WHAT THIS TASK INVOLVES: Write the lines out again, from the top of the material to the line containing "Dunsford Cottage |", pictures excluded.

RECORD EXCERPTS:

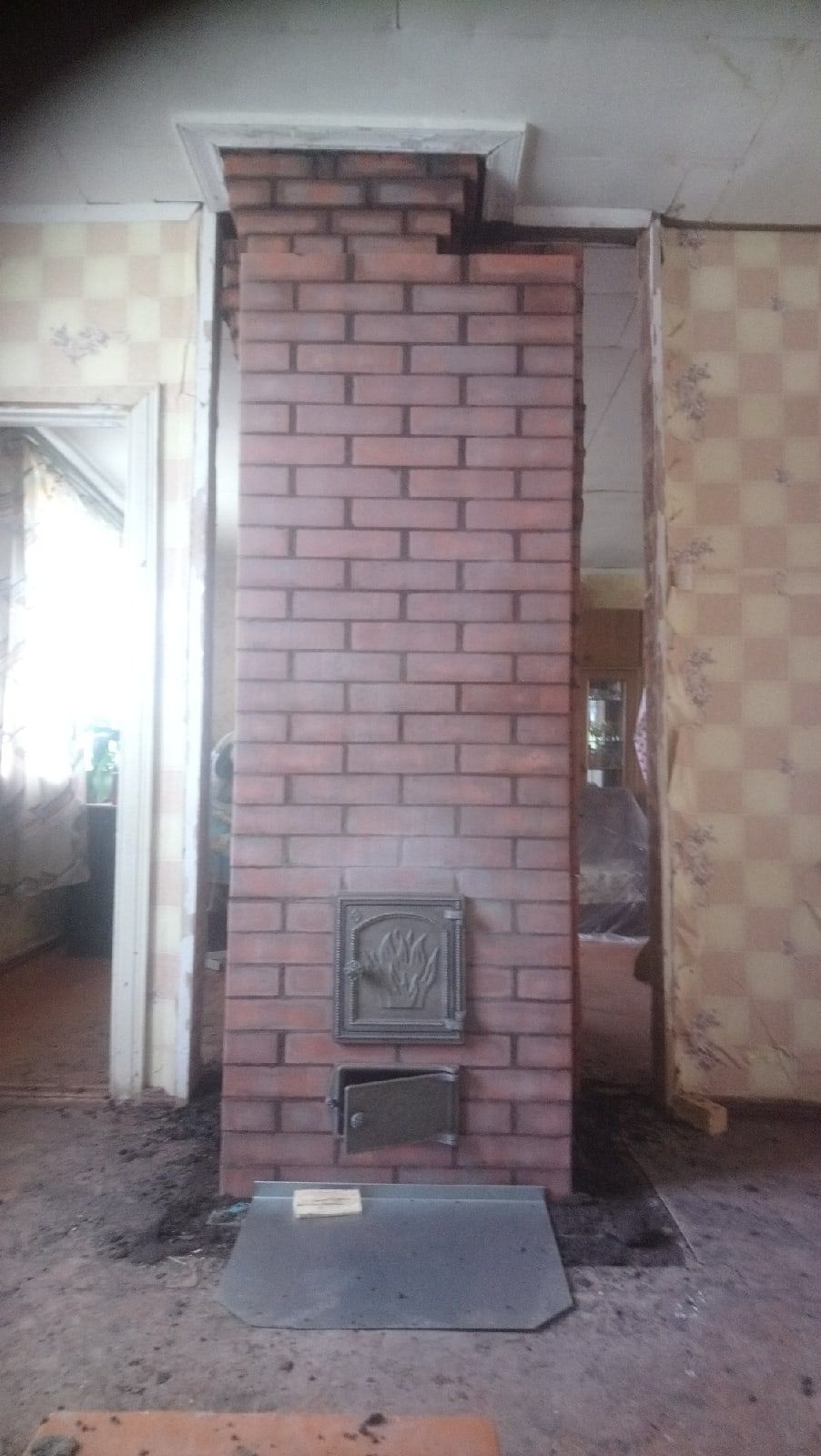 печь с нишами из кирпича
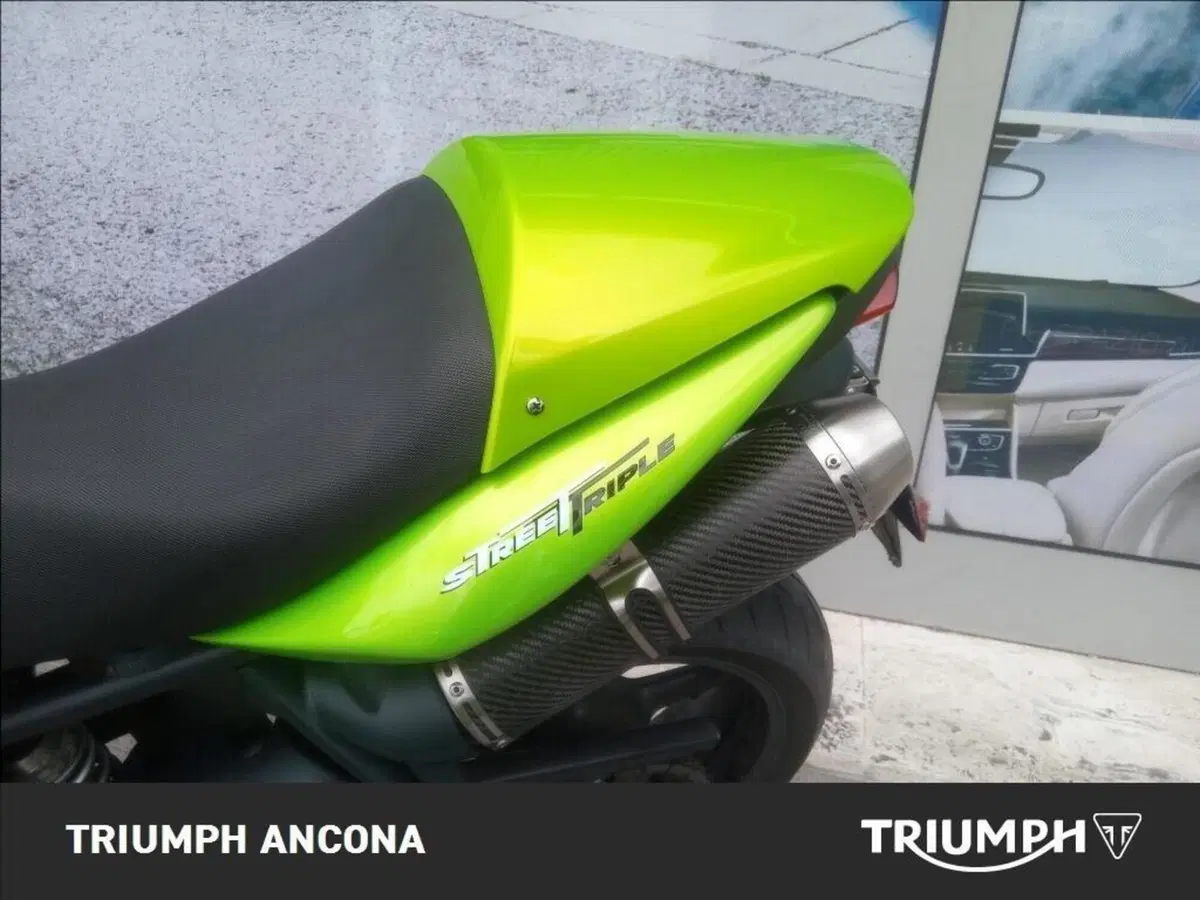 Triumph Street Triple (2007 - 12) (5)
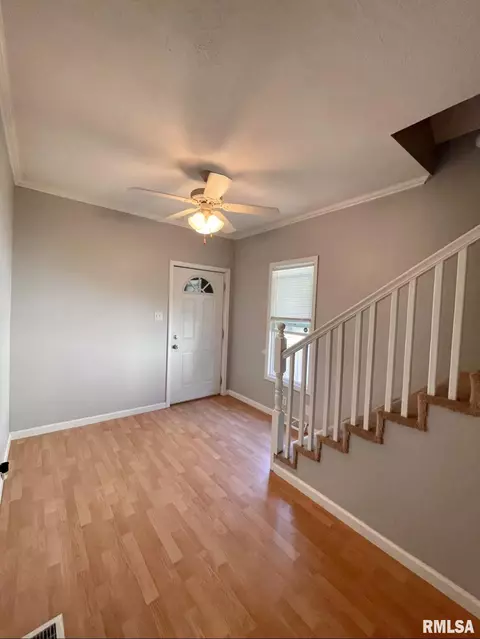 523 E Ridgely Ave, Springfield, IL 62702 photo 5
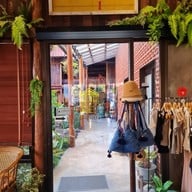 โรงบ่มปัวคาเฟ่แอนด์อีทเทอรี่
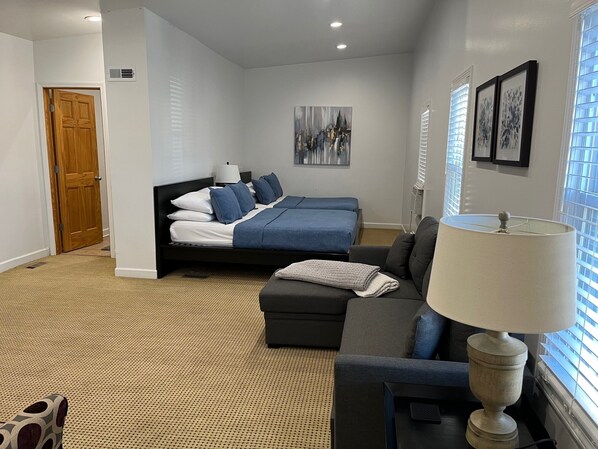 3 habitaciones, tabla de planchar con plancha y wifi gratis 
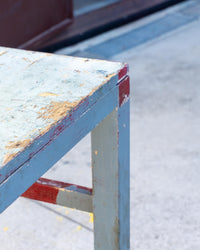 Grande tavolo scaffale industriale vintage in legno – 1970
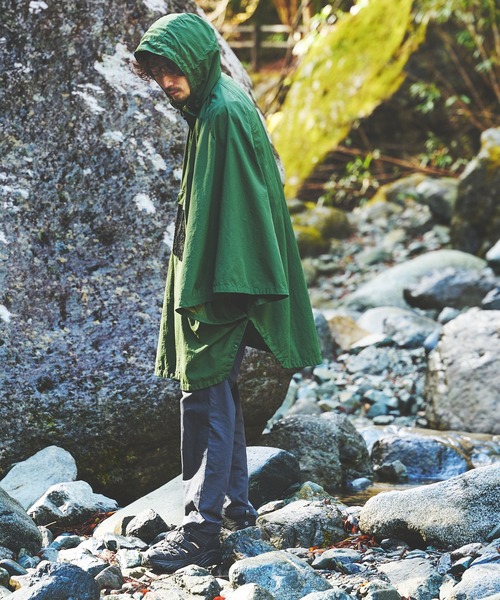 Franklin Climbing（フランクリンクライミング）の「【GO OUT 7月号掲載】【Franklin Climbing】リバーポンチョ（レインコート/ポンチョ・メンズ・ブラック/オリーブ・M/XL/L）」の9枚目の写真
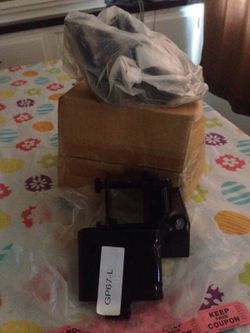 1969 Ford Mustang big block motor mounts brand-new please no flakes ❄️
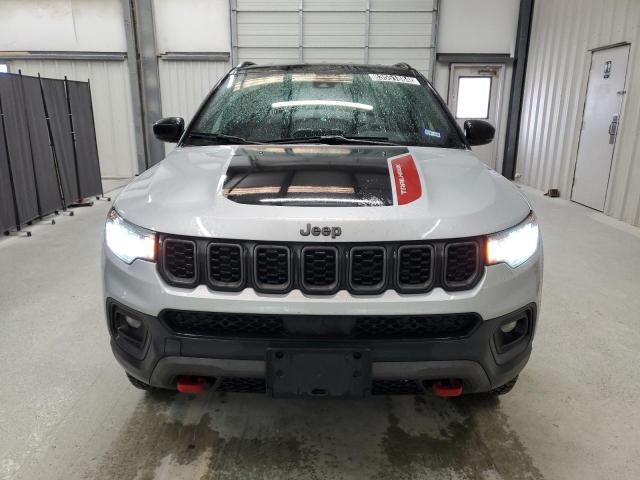 VIN 3C4NJDDN2RT145122 2024 JEEP COMPASS no.5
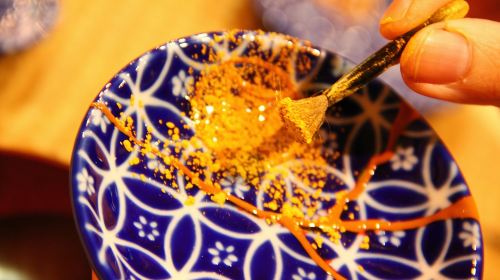 Authentic Kintsugi Workshop: Art of Golden Joinery in Tokyo Day Tours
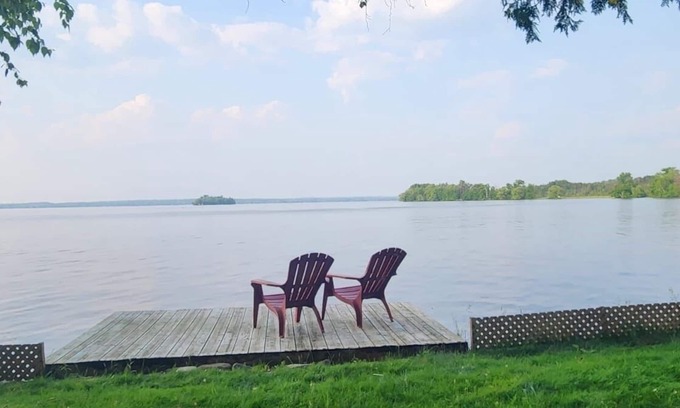 Dunsford Cottage | Cozy Lakefront Cottage in Kawartha Lakes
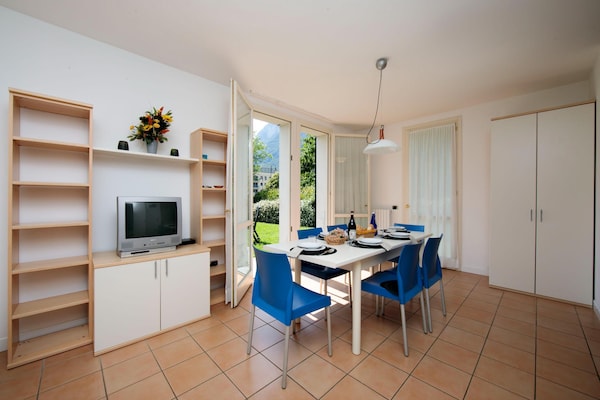 Foto van Appartement in Porlezza met balkon of tuin-voorheen TUI Ferienhaus - LivingRoom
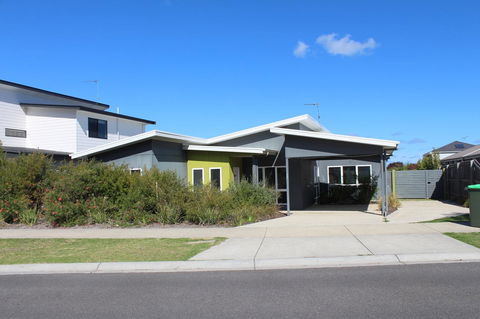 Tamara Temptation - Accommodation Nelson Bay 0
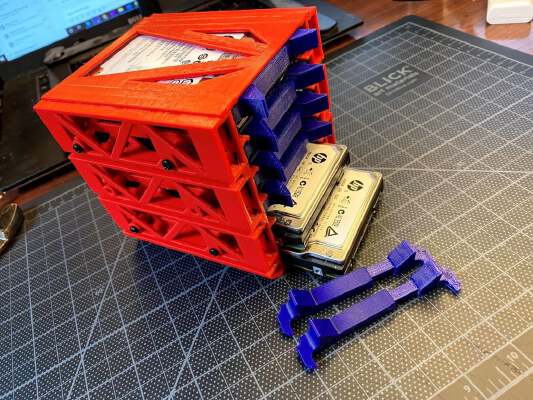Internal Harddrive Bay: 3.5in to 2.5in Adapter w_ Latches | 3d print model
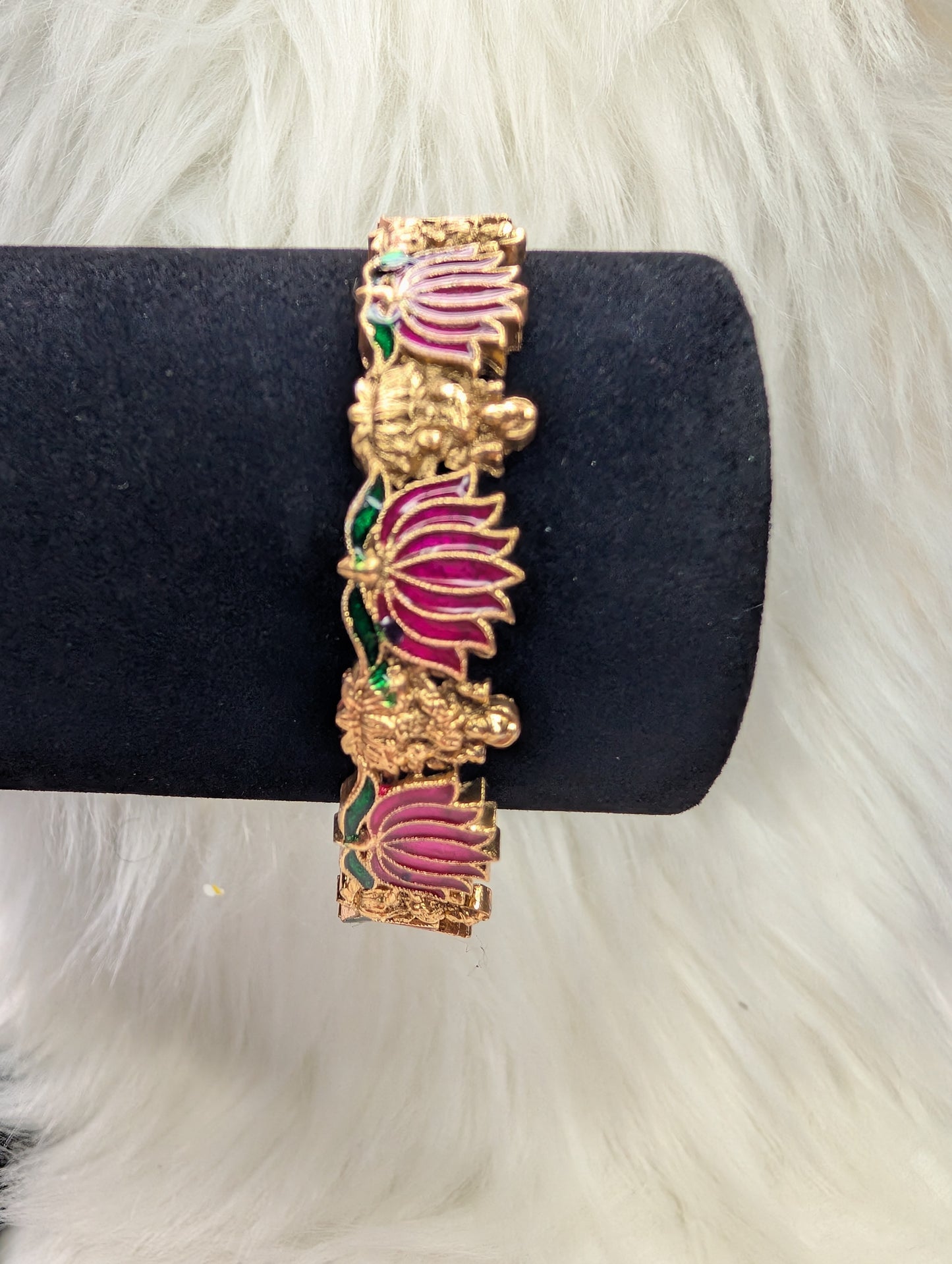 AUR105- Lotus Temple Traditional Bangle
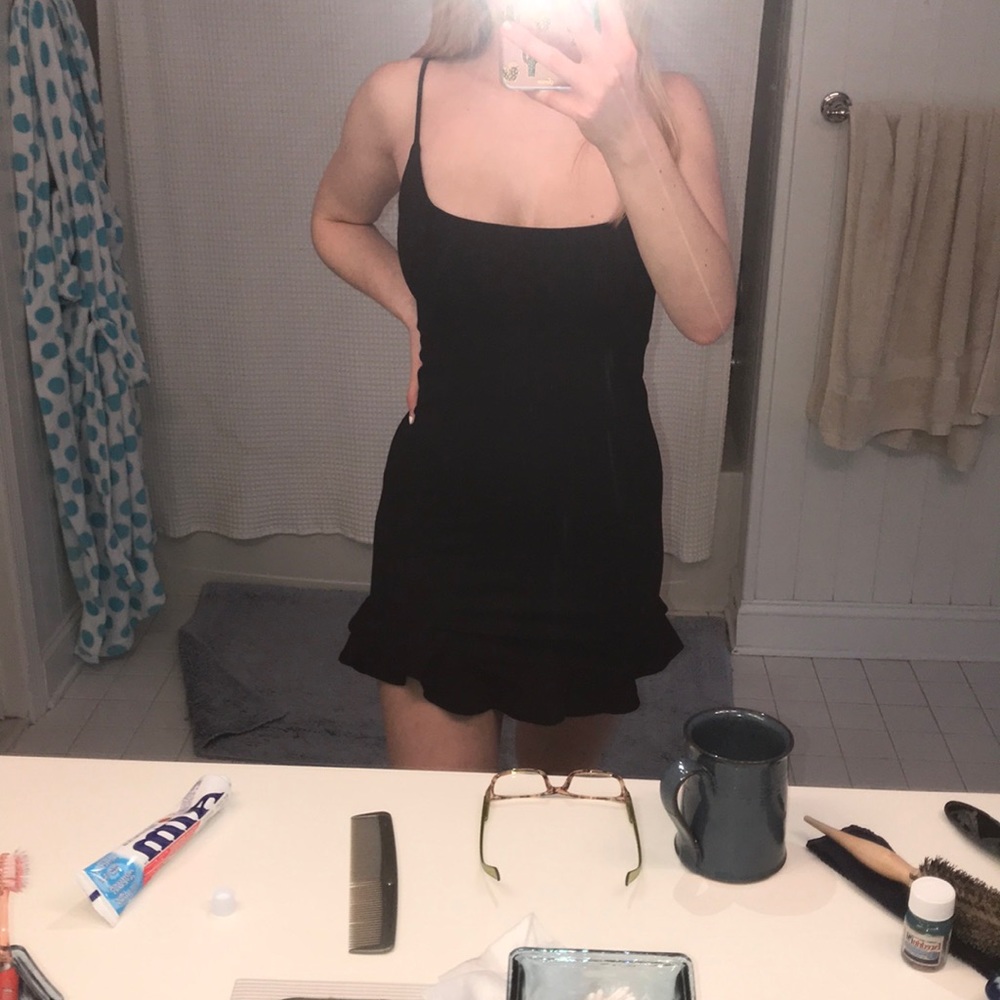 TWO lulus black bodycon homecoming dress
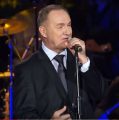 POVRATAK, A NE ODLAZAK: Mate Bulić pjeva za povratnike; cilj je potaknuti zajedništvo domovine i iseljeništva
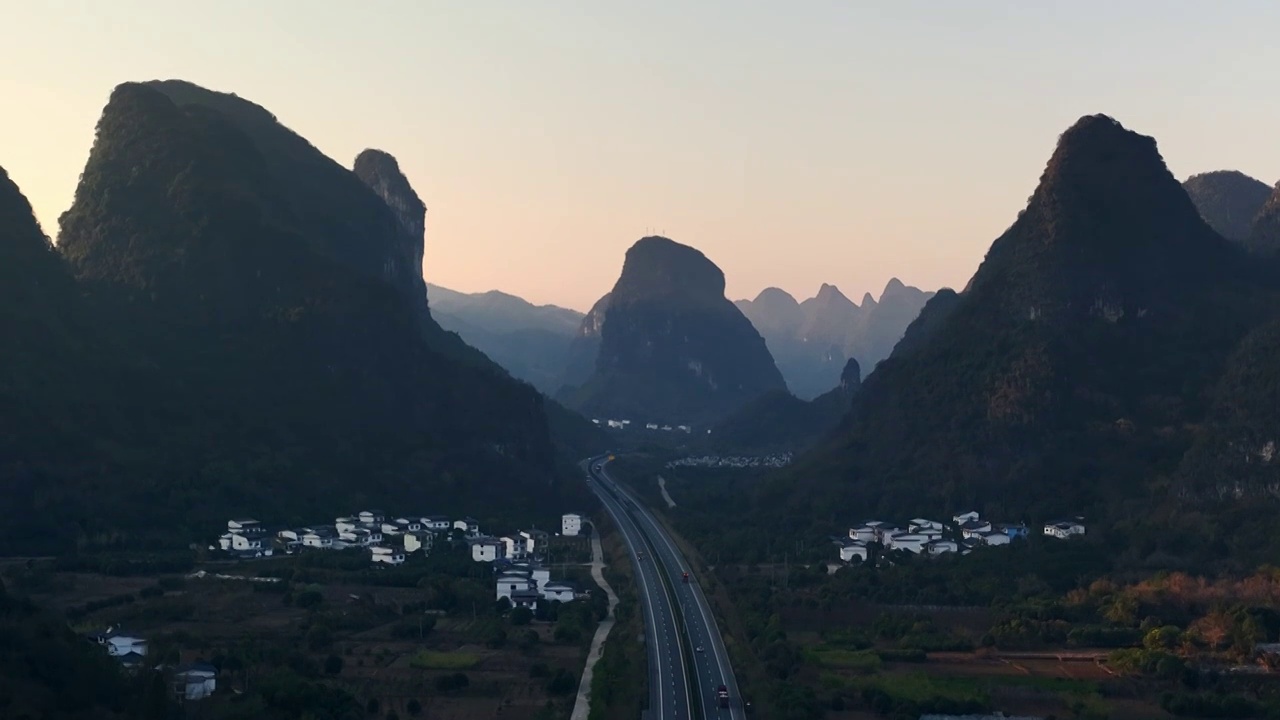 夕阳下阳朔喀斯特岩溶地貌峰林峡谷中的高速公路视频素材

WORKED SOLUTION:
 печь с нишами из кирпича
 Triumph Street Triple (2007 - 12) (5)
 523 E Ridgely Ave, Springfield, IL 62702 photo 5
 โรงบ่มปัวคาเฟ่แอนด์อีทเทอรี่
 3 habitaciones, tabla de planchar con plancha y wifi gratis 
 Grande tavolo scaffale industriale vintage in legno – 1970
 Franklin Climbing（フランクリンクライミング）の「【GO OUT 7月号掲載】【Franklin Climbing】リバーポンチョ（レインコート/ポンチョ・メンズ・ブラック/オリーブ・M/XL/L）」の9枚目の写真
 1969 Ford Mustang big block motor mounts brand-new please no flakes ❄️
 VIN 3C4NJDDN2RT145122 2024 JEEP COMPASS no.5
 Authentic Kintsugi Workshop: Art of Golden Joinery in Tokyo Day Tours
 Dunsford Cottage | Cozy Lakefront Cottage in Kawartha Lakes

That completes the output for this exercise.